> **Your task**:
Return all of the data exactly as written, without the pictures.

> **Data provided**:
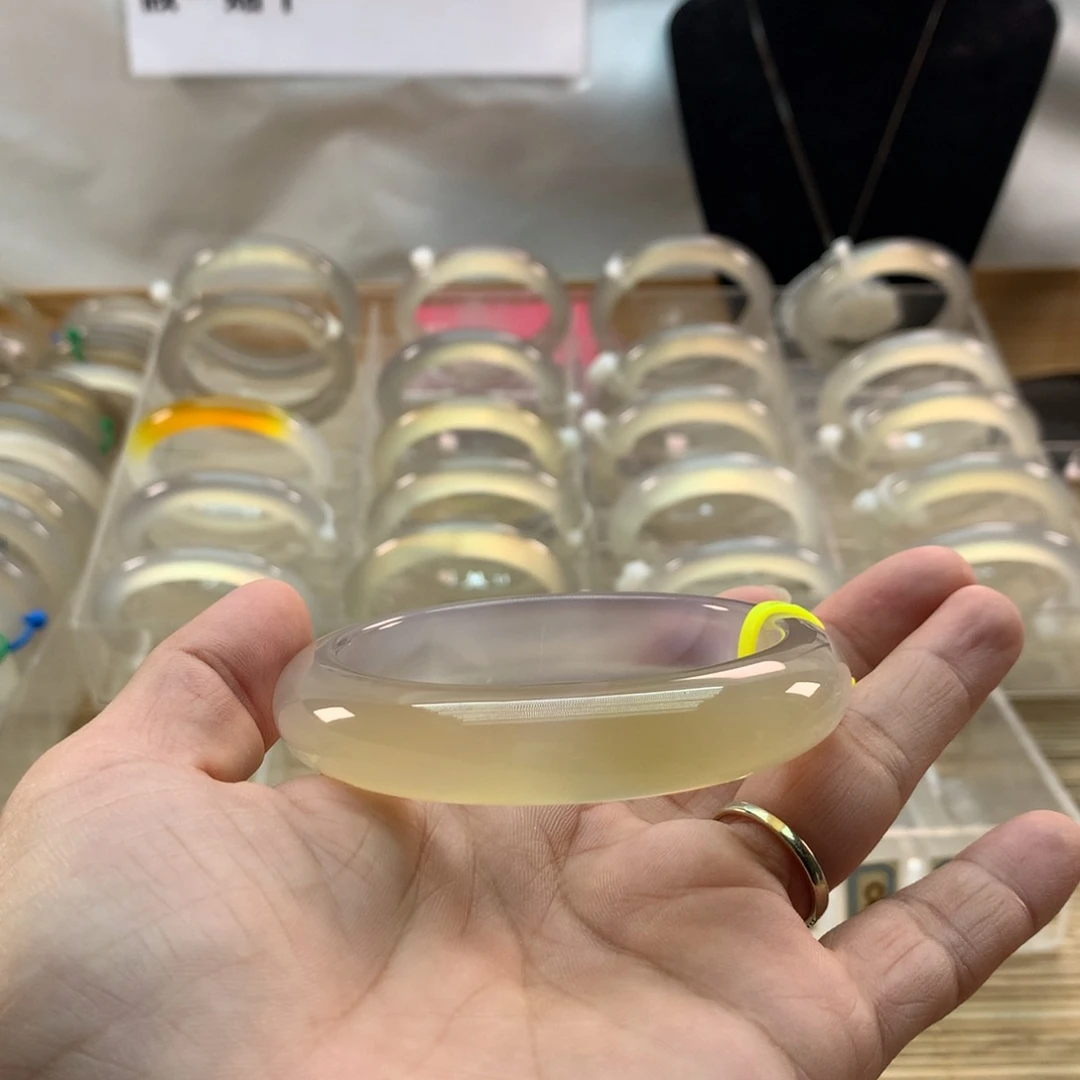 手镯玛瑙/玉髓未镶嵌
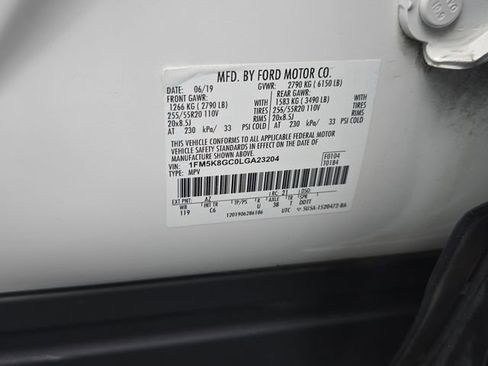 Used 2020 Ford Explorer ST w/ Premium Technology Package image 37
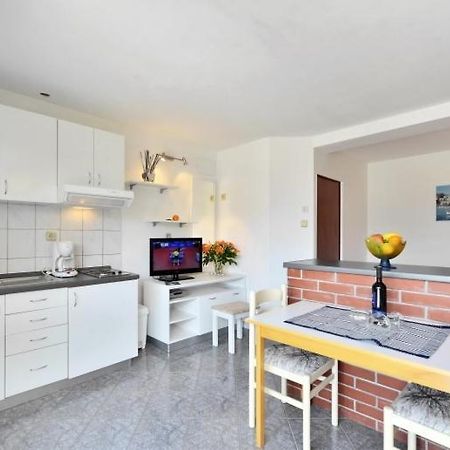 Studio Apartments 4 Two ボル エクステリア 写真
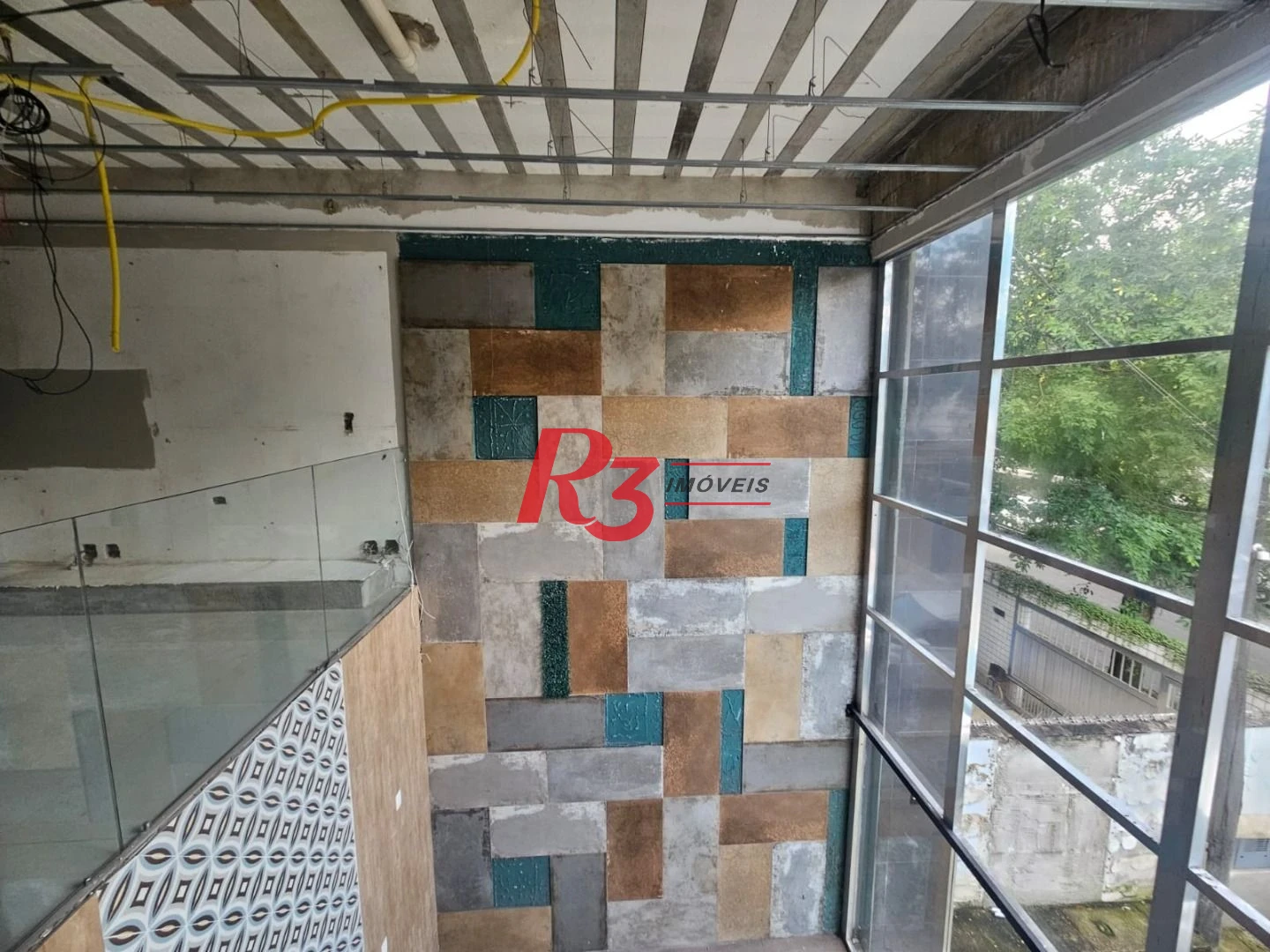 Loja Comercial com Mezanino para Alugar com 570m² – Embaré, Santos/SP.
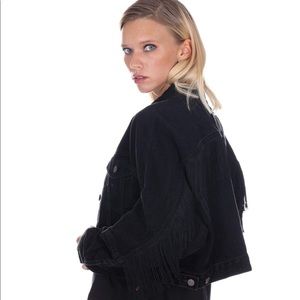 Levi’s “Future Vintage” Trucker Jacket 🔥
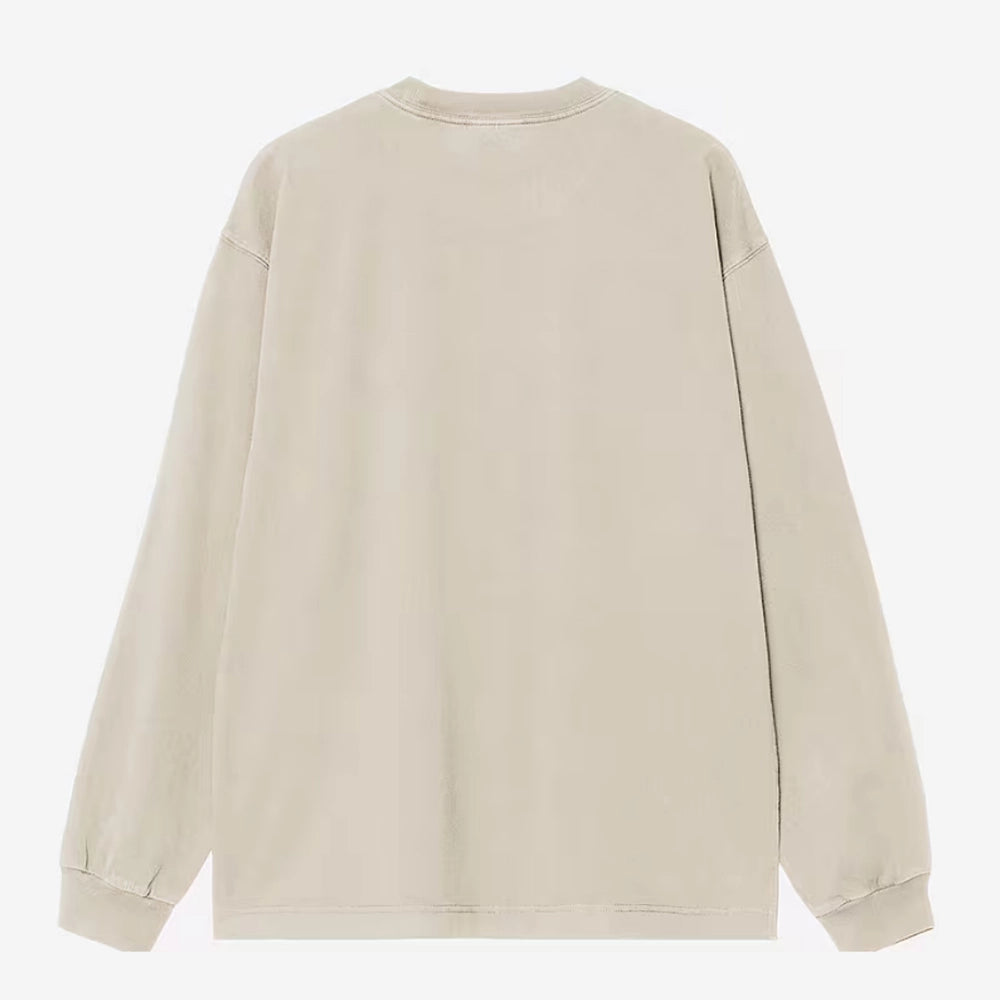 “Carhartt WIP Vista Longsleeve in Beige. Lockeres Shirt aus Baumwolljersey, mit kleinem Logo-Stick auf der Brust.“

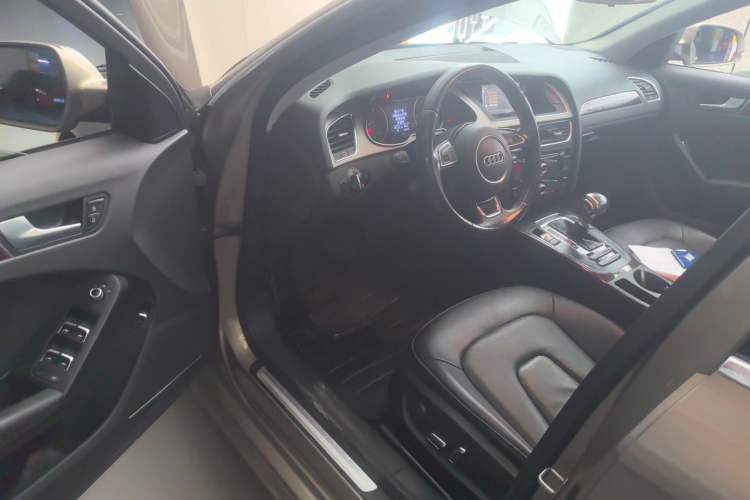 Used Audi A4L 2013 35 TFSI Automatic Comfort Model Driver Seat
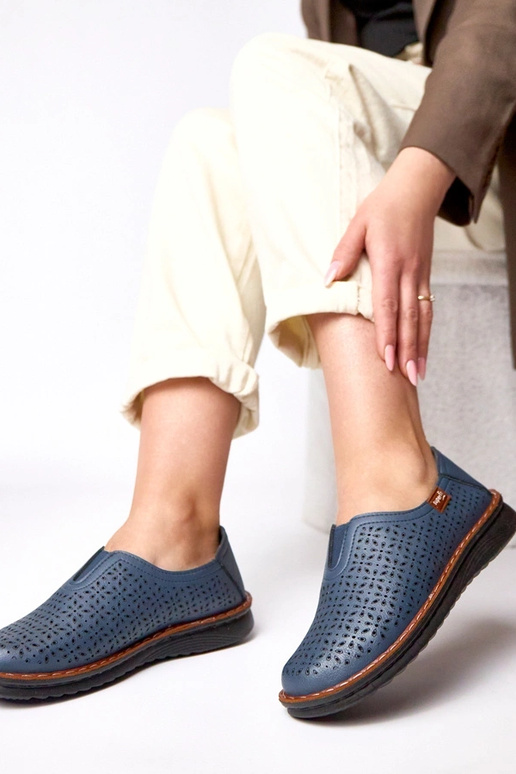 Dunkelblaue durchbrochene Halbschuhe...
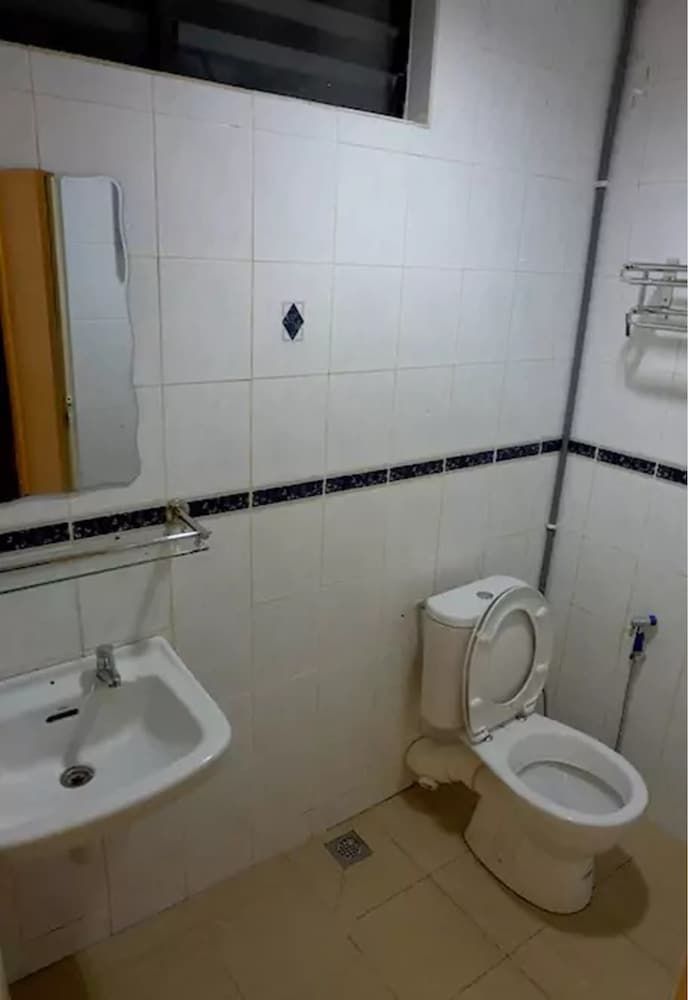 Eden Seaview Condominium II Condo, 3 Bedrooms, Pool View 18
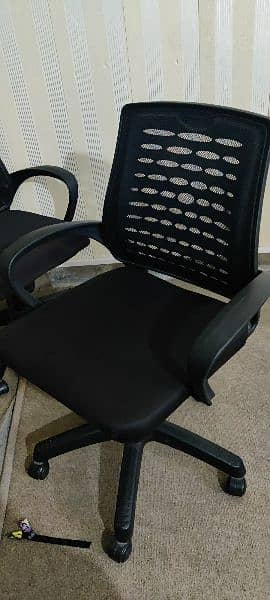 Office Adjustable wheel Chair. 3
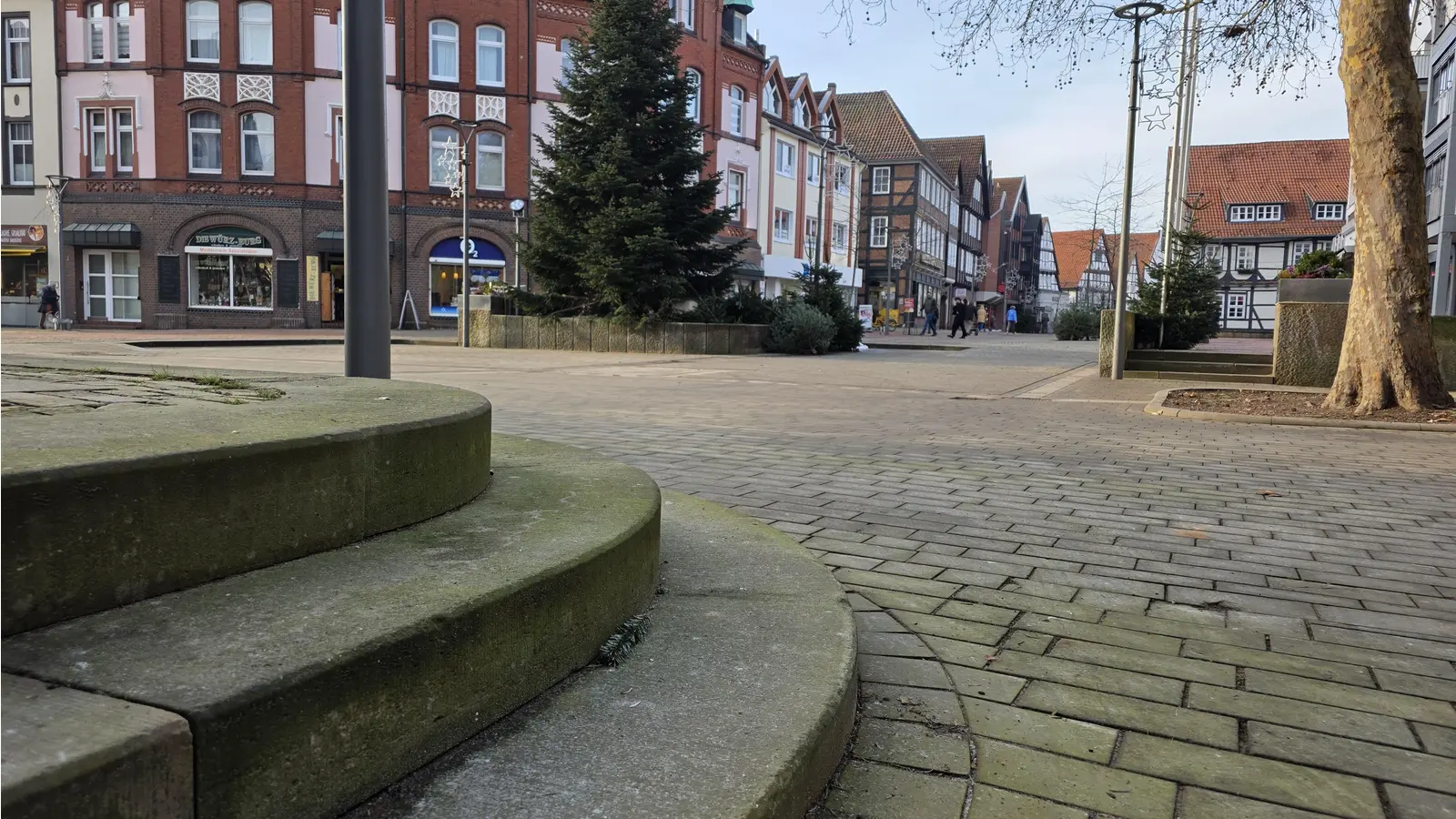 Teil der Grundidee: Der abgesenkte Platz vor der Stadtkirche soll angehoben werden. Das ist nicht verhandelbar. (Foto: tau)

> **Task result**:
 手镯玛瑙/玉髓未镶嵌
 Used 2020 Ford Explorer ST w/ Premium Technology Package image 37
 Studio Apartments 4 Two ボル エクステリア 写真
 Loja Comercial com Mezanino para Alugar com 570m² – Embaré, Santos/SP.
 Levi’s “Future Vintage” Trucker Jacket 🔥
 “Carhartt WIP Vista Longsleeve in Beige. Lockeres Shirt aus Baumwolljersey, mit kleinem Logo-Stick auf der Brust.“

 Used Audi A4L 2013 35 TFSI Automatic Comfort Model Driver Seat
 Dunkelblaue durchbrochene Halbschuhe...
 Eden Seaview Condominium II Condo, 3 Bedrooms, Pool View 18
 Office Adjustable wheel Chair. 3
 Teil der Grundidee: Der abgesenkte Platz vor der Stadtkirche soll angehoben werden. Das ist nicht verhandelbar. (Foto: tau)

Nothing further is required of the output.